• _ASSIGNMENT_
Write out, exactly and only, the lines that run from the top of the records to the line with "So the product". Include both ends; exclude pictures.

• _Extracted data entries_
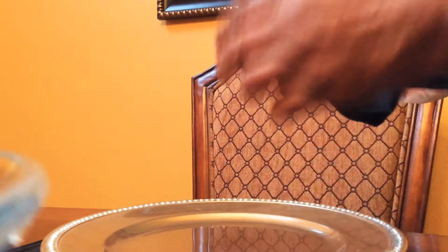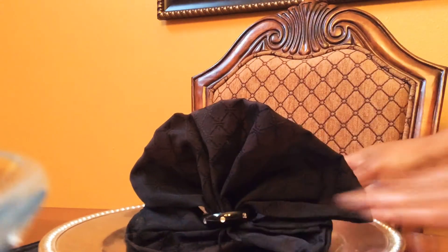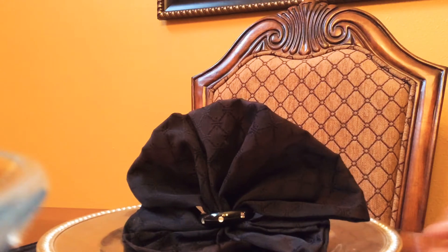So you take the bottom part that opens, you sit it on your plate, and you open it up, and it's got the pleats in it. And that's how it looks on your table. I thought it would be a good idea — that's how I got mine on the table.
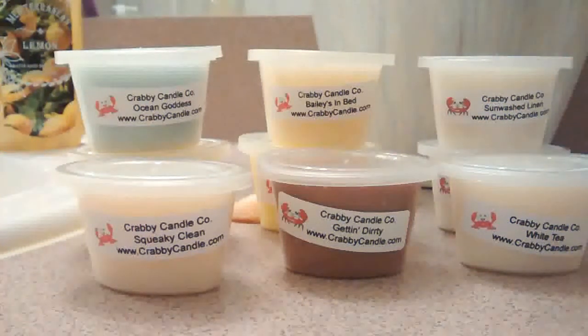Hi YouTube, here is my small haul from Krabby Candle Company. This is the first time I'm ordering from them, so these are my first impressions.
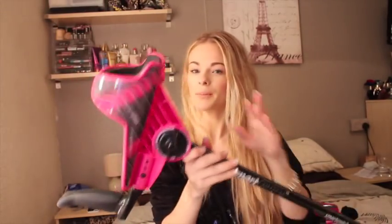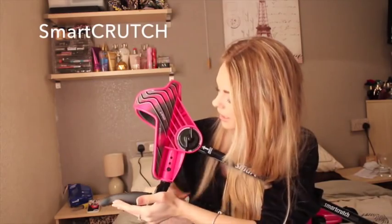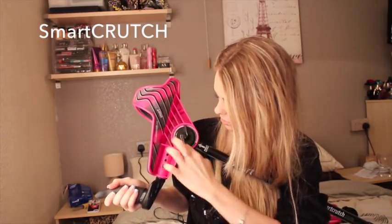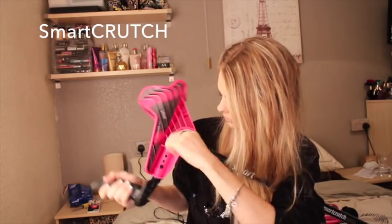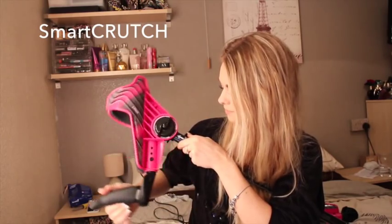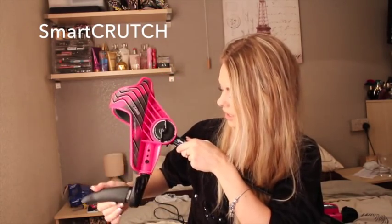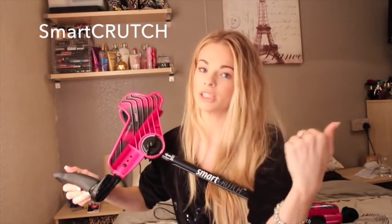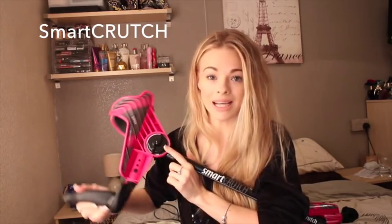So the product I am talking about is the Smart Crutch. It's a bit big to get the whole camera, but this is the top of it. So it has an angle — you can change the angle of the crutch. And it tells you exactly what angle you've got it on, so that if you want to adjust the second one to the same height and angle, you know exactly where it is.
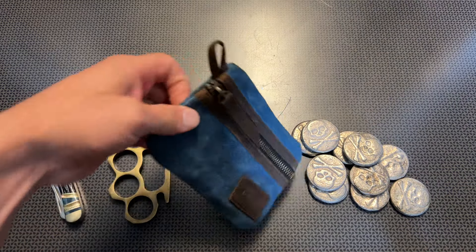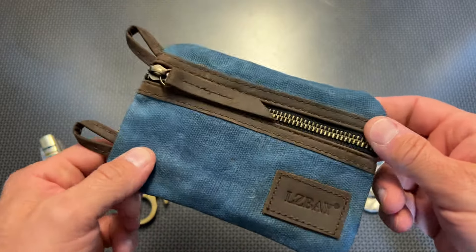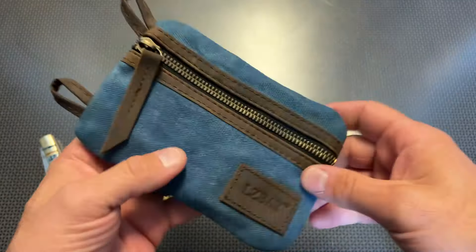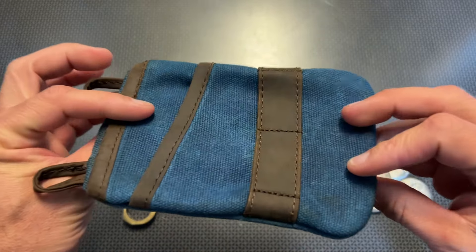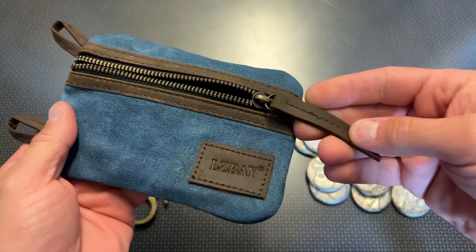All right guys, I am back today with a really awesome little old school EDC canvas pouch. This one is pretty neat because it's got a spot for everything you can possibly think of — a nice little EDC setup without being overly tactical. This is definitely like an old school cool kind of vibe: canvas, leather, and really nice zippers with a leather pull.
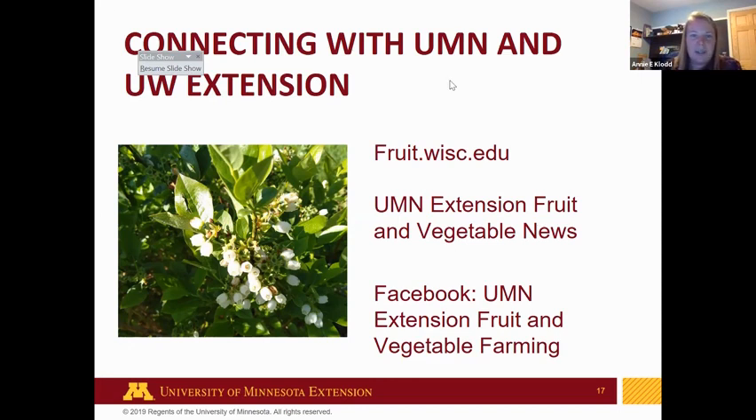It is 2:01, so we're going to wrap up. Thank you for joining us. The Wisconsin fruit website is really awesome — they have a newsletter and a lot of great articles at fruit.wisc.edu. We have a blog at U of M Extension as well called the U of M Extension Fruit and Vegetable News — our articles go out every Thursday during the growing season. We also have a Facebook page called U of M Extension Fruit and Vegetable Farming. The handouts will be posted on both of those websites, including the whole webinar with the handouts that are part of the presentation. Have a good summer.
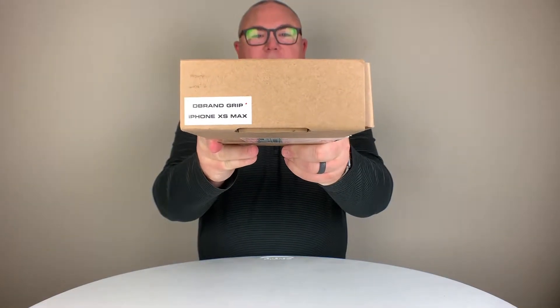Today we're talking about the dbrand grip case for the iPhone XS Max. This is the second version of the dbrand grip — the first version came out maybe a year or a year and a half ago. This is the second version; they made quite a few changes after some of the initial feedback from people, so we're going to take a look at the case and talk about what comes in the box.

• _SOLVED PROBLEM_
So you take the bottom part that opens, you sit it on your plate, and you open it up, and it's got the pleats in it. And that's how it looks on your table. I thought it would be a good idea — that's how I got mine on the table.
Hi YouTube, here is my small haul from Krabby Candle Company. This is the first time I'm ordering from them, so these are my first impressions.
So the product I am talking about is the Smart Crutch. It's a bit big to get the whole camera, but this is the top of it. So it has an angle — you can change the angle of the crutch. And it tells you exactly what angle you've got it on, so that if you want to adjust the second one to the same height and angle, you know exactly where it is.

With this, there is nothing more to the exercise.